Here begins a MySQL new bee tale of woe. I was working on a Rails app, writing tests, all was well. Then a co-worker told me the tests were failing for him. I couldn't reproduce it; they were working fine for me.
Later I noticed odd behavior - I would create records in the setup method and they would stick around. I flailed around for a bit, poking myself in the eye and such, and then finally got down to business and did a show create table my_table_name and whoa, it's MyISAM! That's not good. So I set this option in /etc/my.cnf:
default-storage-engine = innodb
Restarted MySQL - what's this, it wouldn't start! Checked the logs:
100303 18:37:37 [ERROR] Unknown/unsupported table type: INNODB 100303 18:37:37 [ERROR] Aborting
Now we're getting somewhere. The clincher:
mysql> show engines; +------------+---------+-----------------------------------------------------------+--------------+------+------------+ | Engine | Support | Comment | Transactions | XA | Savepoints | +------------+---------+-----------------------------------------------------------+--------------+------+------------+ | CSV | YES | CSV storage engine | NO | NO | NO | | MRG_MYISAM | YES | Collection of identical MyISAM tables | NO | NO | NO | | MEMORY | YES | Hash based, stored in memory, useful for temporary tables | NO | NO | NO | | MyISAM | DEFAULT | Default engine as of MySQL 3.23 with great performance | NO | NO | NO | +------------+---------+-----------------------------------------------------------+--------------+------+------------+ 4 rows in set (0.00 sec)
Notice what's not there? InnoDB! This was a MySQL 5.1.44 install that I had merrily compiled from source, feeling like quite the l33t h@x0r. But what I hadn't realized was that the InnoDB storage engine was now a plugin. After some more blundering this way and that, I settled on:
./configure --prefix=/usr/local/mysql51 \ --with-unix-socket-path=/usr/local/mysql51/run/mysql_socket \ --with-mysqld-user=mysql --enable-thread-safe-client --with-plugins=innobase
A make && make install and a MySQL restart later I'm up and running; show engines now displays InnoDB. Best of all, I could see and fix those test failures. Huzzah!

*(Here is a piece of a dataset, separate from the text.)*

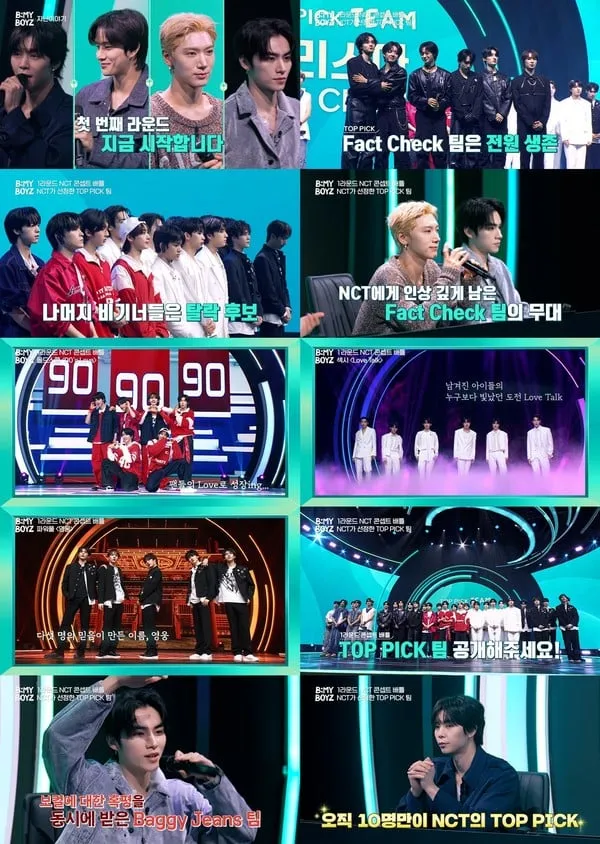 [사진 = SBS 'B:MY BOYZ' 방송 캡처] 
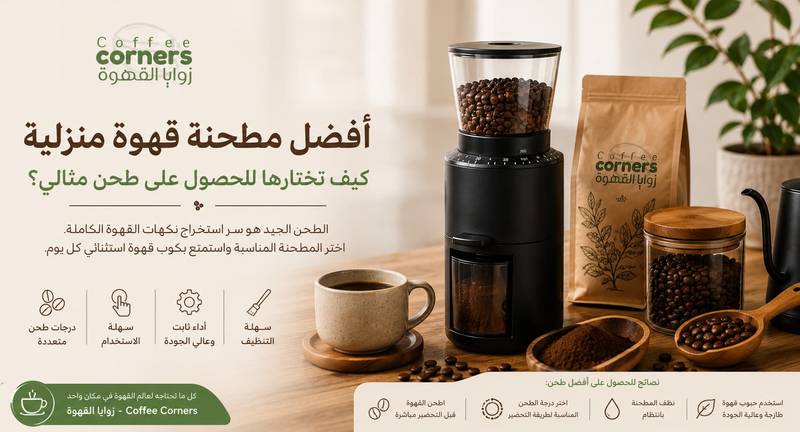 أفضل مطحنة قهوة منزلية وكيف تختارها للحصول على طحن مثالي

In retrospect I should have dove into the problem as soon as it was reported to me... live and learn.
Thanks for the explanation.
I have been blindly following the instructions mentioned at http://hivelogic.com/articles/compiling-mysql-on-snow-leopard . Now I notice that it compiles with -with-plugins=innobase and now I know why.
Posted by: Neerajdotname | March 04, 2010 at 11:56 AM
Cool, yeah, I just didn't think of looking at the installed storage engines at first... but the error messages eventually led me that way.